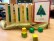 Foto: 4-Gewinnt-Spiel aus Holz mit Weihnachtskarte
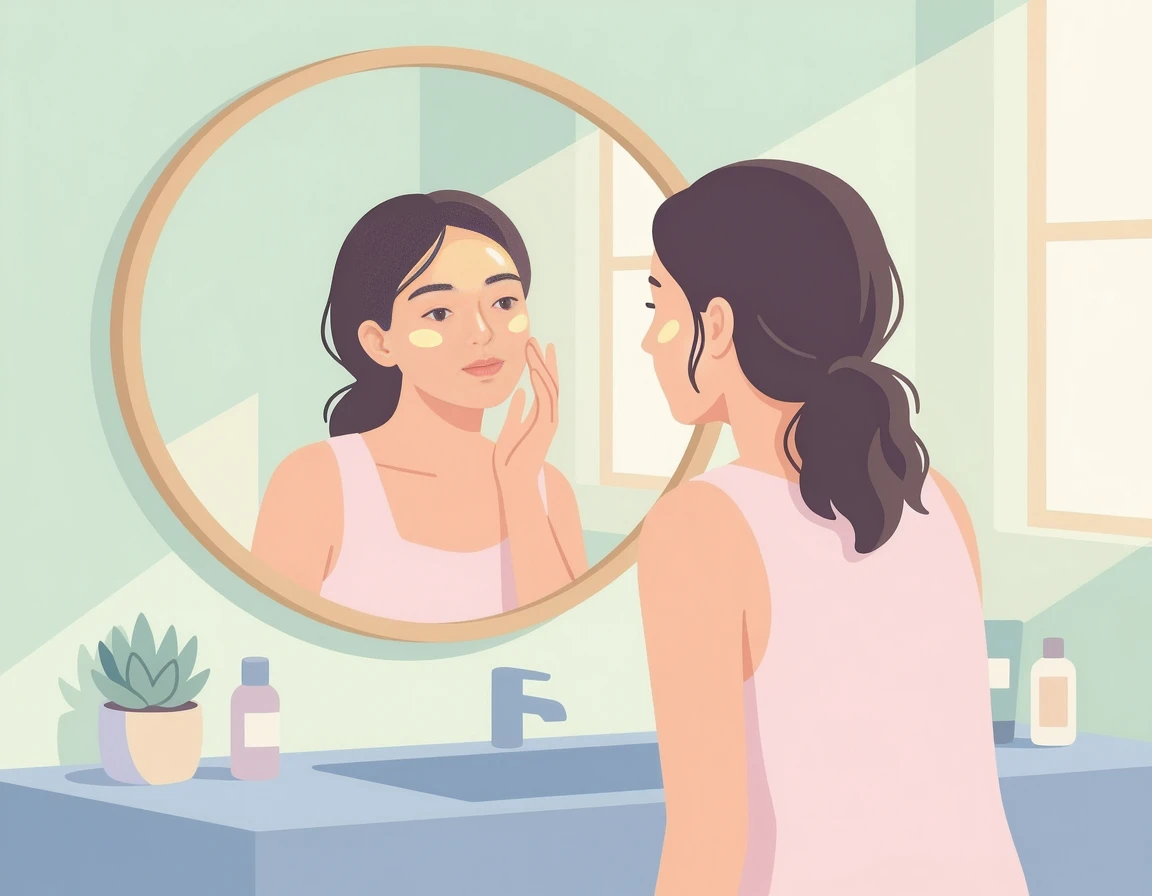 여름철 번들거리는 피부를 거울로 확인하며 고민하는 여성 일러스트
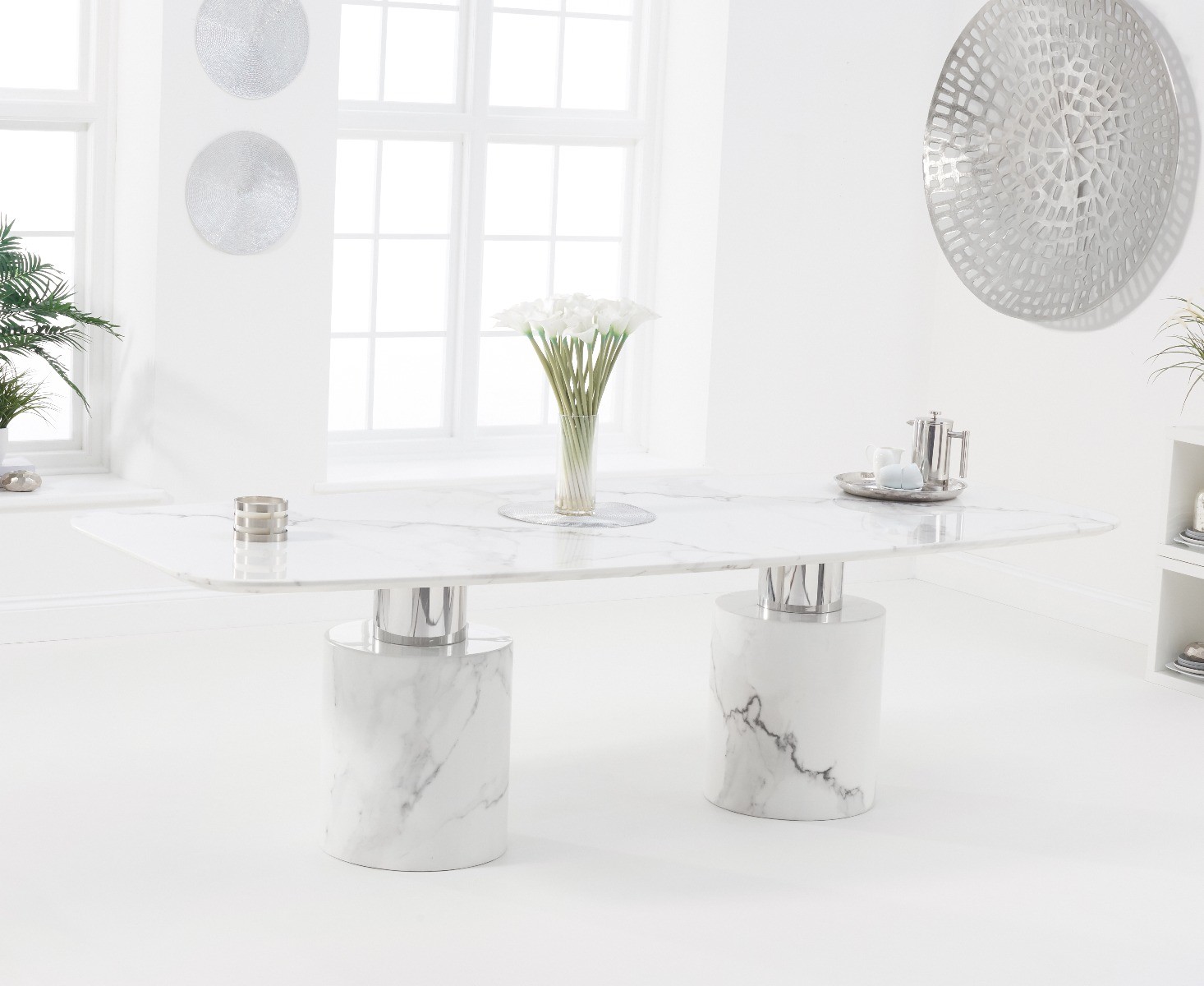 Antonio 260cm White Marble Dining Table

--------------------------------

**What the exercise asks:** Omit the pictures, then set down all the remaining data exactly as given.

**Task solution:**
 Foto: 4-Gewinnt-Spiel aus Holz mit Weihnachtskarte
 여름철 번들거리는 피부를 거울로 확인하며 고민하는 여성 일러스트
 Antonio 260cm White Marble Dining Table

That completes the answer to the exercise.